Veryann watched the professor of archaeology leave the tower. ‘She is almost as mad as you are, Abraham Quest.’
‘Mad? No. Inspired,’ said Quest. ‘Her plan is quite inspired. Did you know she studied under Hull? The very fellow who translated the Camlantean language and worked out how the crystal-books could be activated.’
‘If he were alive, I suppose you would also hire him for your expedition.’
‘Yes, I suppose I would,’ said Quest.
‘Still, for all her cleverness, her inspiration, you did not show the professor the images from the second crystal-book of the pair you purchased.’
‘The contents of the second crystal-book would disturb her,’ said Quest. ‘I prefer to keep Amelia’s faith pure, unwavering.’
‘Yes, I imagine the images would disturb her,’ said Veryann. ‘Your ideals have too high a risk attached to them. Paradise is not to be made on Earth.’
‘It was made here once.’ Quest stood in front of one of the large portholes, listening to the gurgle of water moving through his pneumatic tower. He pointed towards the sky. ‘And the secret to unlocking it all again is hidden up there.’
Smike did not know what to make of the old fellow. It was not often a blind man would venture into the rookeries of Rottonbow. What would someone wearing heavy grey robes in the manner of a Circlist monk be doing wandering one of Middlesteel’s most dangerous districts this late at night? Smike listened to the patter of the gnarled old cane, tapping along the cobbles of the lane between the ancient, tumbledown towers.
For a moment Smike considered letting the old twit keep on wandering deeper into Rottonbow, but even with his limited conscience, he could not do that. Smike skipped to catch up. The sightless visitor looked like an old man, but he was spry for his years.
‘Grandfather,’ called Smike, ‘wait. Do you know where you’re going?’
‘Why yes, I do,’ said the blind man, his face concealed by his hood and the night. ‘I am heading for Furnival’s Wark.’
Smike sucked on his mumbleweed pipe. ‘Old fellow, there’s nothing down there but the paupers’ graveyard.’
‘Yes, I believe an old friend of mine is resting there.’
‘Hang on, grandfather, do you know what hour it is?’
‘For me it is always night,’ chortled the man in the robes.

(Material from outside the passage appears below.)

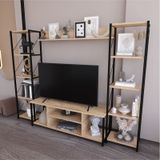 Onebo 200 Cm Tv Ünitesi Seti Yaşam Ünitesi Seti Metal Meşe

‘It’ll be the long night for you, grandfather.’ Smike tugged at the visitor’s robes. ‘You’ll get yourself in the soup so you will, tap-tapping with your cane along these avenues. There’s some right old bludgers lurking around Rottonbow. They’d think nothing of sinking a blade in your ribs and emptying your pockets.’
‘But I have so little to steal,’ said the visitor, ‘now that you have taken my money.’ The visitor’s cane darted out and spun his lifted purse back out of the folds of Smike’s tattered jacket. Like the tongue of a toad, a gnarled cold hand snaked out, catching the leather bag and concealing it under his robes again.
Smike stepped back, coughing on his mumbleweed pipe in shock. ‘You can’t blame a lad for trying, now, can you? Are you really blind, governor?’
‘Oh yes,’ the robed figure chortled. ‘The eyes are the first thing to go. The treatment preserves everything else, but not the eyes.’
Smike glanced around nervously. He had thought this blind old fool was prey. But he was mad, or something very close to it.
‘Down in the paupers’ graveyard, have they held the funeral for Sixrivets yet?’
‘The steamman?’ said Smike. ‘There’s not much of his body left in the graveyard, grandfather. After Sixrivets died, the state coroner sent his soul-board back to King Steam’s mountains like the law requires. The rest of the old steamer was so old, the king didn’t even want Sixrivets’ iron bones back to recycle.’
‘But the funeral, it has been held?’
‘Yesterday. His friends from Steamside came over and sung in their strange voices – the machine tongue. Even though Sixrivets wanted to be buried down here, rather than over in Steamside, they still came.’
‘They would come,’ said the old man. ‘Steammen never forget their own. Now, be off with you.’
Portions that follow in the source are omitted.